In a tweet, the US President announced he has already ordered the Federal Emergency Management Agency (FEMA) to withhold funding for the state unless it takes measures to improve forest management. I have ordered FEMA to send no more money.
"It is a disgraceful situation in lives & money!", the tweet says.
November's Camp fire, which obliterated the Northern California town of Paradise, killed 86 people and destroyed more than 13,900 homes.
Trump has repeatedly blamed California officials for failing to manage the state's forests, but numerous areas affected by fire are not forests at all.
It's unclear from the tweet if Trump had already cut off funds or was only threatening to do so.
Rep. Doug LaMalfa (R-CA), who represents a district whose residents have been greatly harmed by this year's wildfires, has now issued a statement knocking the president for his declaration that FEMA money should no longer be used to help people whose houses have been burned down by a natural disaster. Many California wildfires are in non-forested areas.

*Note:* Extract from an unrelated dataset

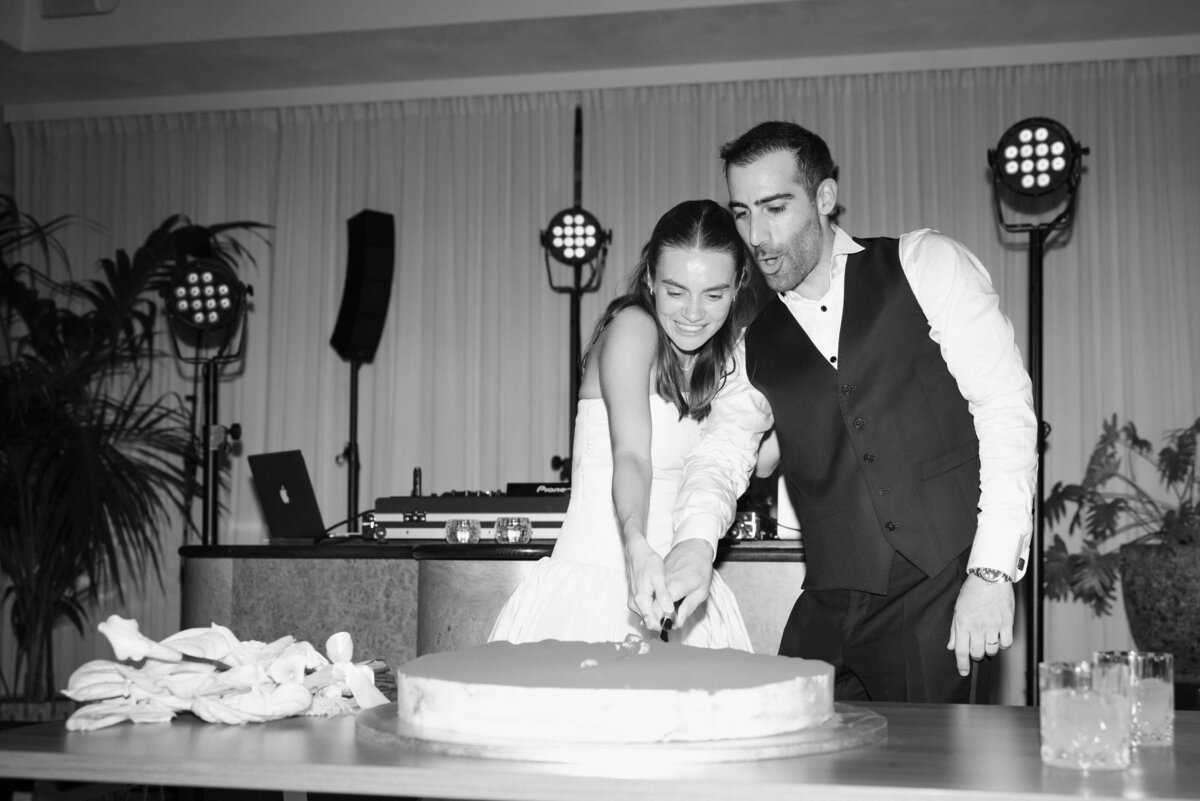 Bride and groom cutting their wedding cake at Soho House Rome

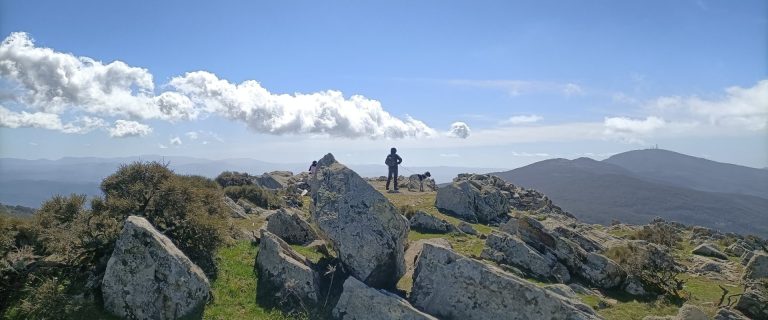Escursione “Sentiero verso la Vetta”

House Speaker Nancy Pelosi, who represents a district in California, condemned Mr. Trump's tweet Wednesday, calling it a "threat insults the memory of scores of Americans who perished in wildfires a year ago & thousands more who lost their homes".
The Republican congressman who represents the Camp Fire region, Doug LaMalfa, said he shares Trump's "great frustration with California's choking regulations" but pushed back on the president over the timing of his tweet. On other occasions Trump has adopted a right-wing conspiracy theory blaming California wildfires on state water policies he pretty clearly does not understand.
FEMA is also impacted by the ongoing partial government shutdown and, as Washington Post reporter Damian Paletta highlighted, doesn't have money to send to the state.
"We have been put in office by the voters to get things done, not to play games with lives", Newsom tweeted.
California utility PG&E Corp.is exploring filing some or all of its business for bankruptcy protection as it faces billions of dollars in liabilities in connection with fatal wildfires in 2018 and 2017, according to Reuters.
Much of California's forests is federally managed or privately owned, putting them outside the state's authority to manage.